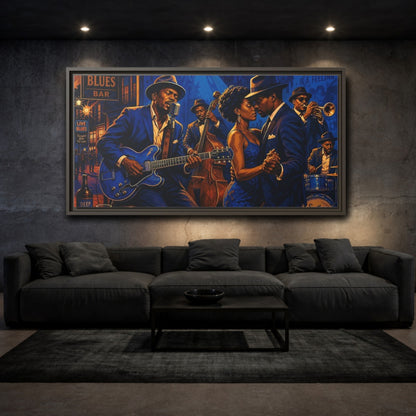 Mockup 3. Vintage Blues Musicians Blue Blues Bar shown as framed canvas print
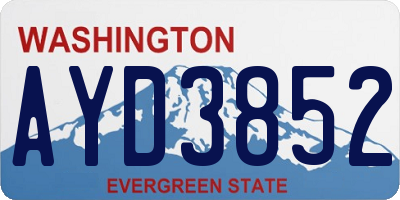 WA license plate AYD3852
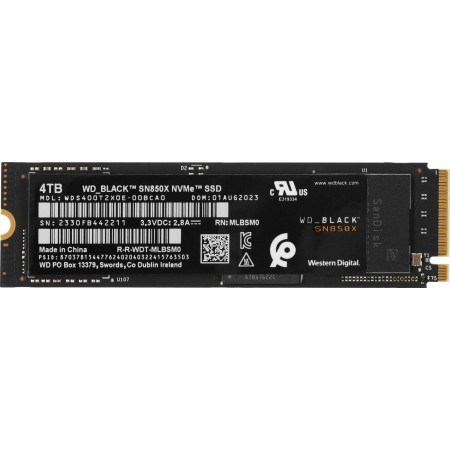 Накопитель SSD WD PCIe 4.0 x4 4000GB WDS400T2X0E Black SN850X M.2 2280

WHAT THE EXERCISE ASKS
Without including any picture, output all the material exactly as it appears.

THE COMPLETED TASK
 Mockup 3. Vintage Blues Musicians Blue Blues Bar shown as framed canvas print
 WA license plate AYD3852
 Накопитель SSD WD PCIe 4.0 x4 4000GB WDS400T2X0E Black SN850X M.2 2280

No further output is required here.